With pictures excluded, repeat exactly the lines from the one containing "Kanclerz Merkel i" through the last line of the material below.

GIVEN INFORMATION:
----
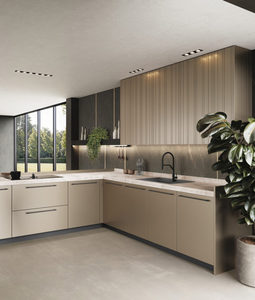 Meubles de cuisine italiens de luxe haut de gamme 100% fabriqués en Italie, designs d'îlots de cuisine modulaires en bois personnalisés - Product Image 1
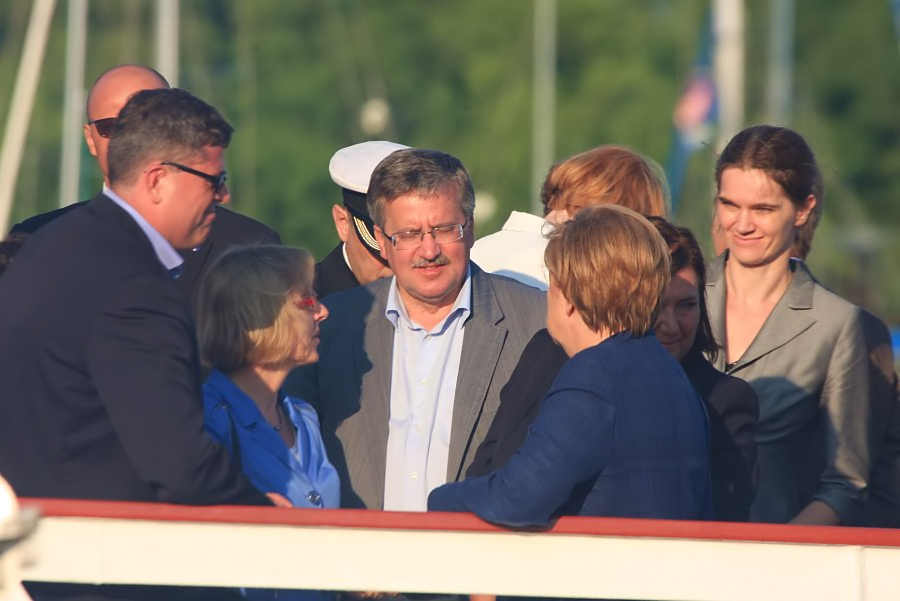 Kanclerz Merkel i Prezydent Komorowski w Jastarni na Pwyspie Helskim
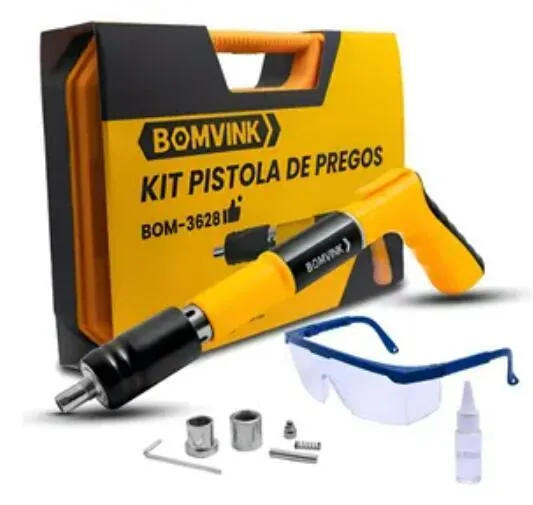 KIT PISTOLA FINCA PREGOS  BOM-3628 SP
----
FINISHED EXERCISE:
 Kanclerz Merkel i Prezydent Komorowski w Jastarni na Pwyspie Helskim
 KIT PISTOLA FINCA PREGOS  BOM-3628 SP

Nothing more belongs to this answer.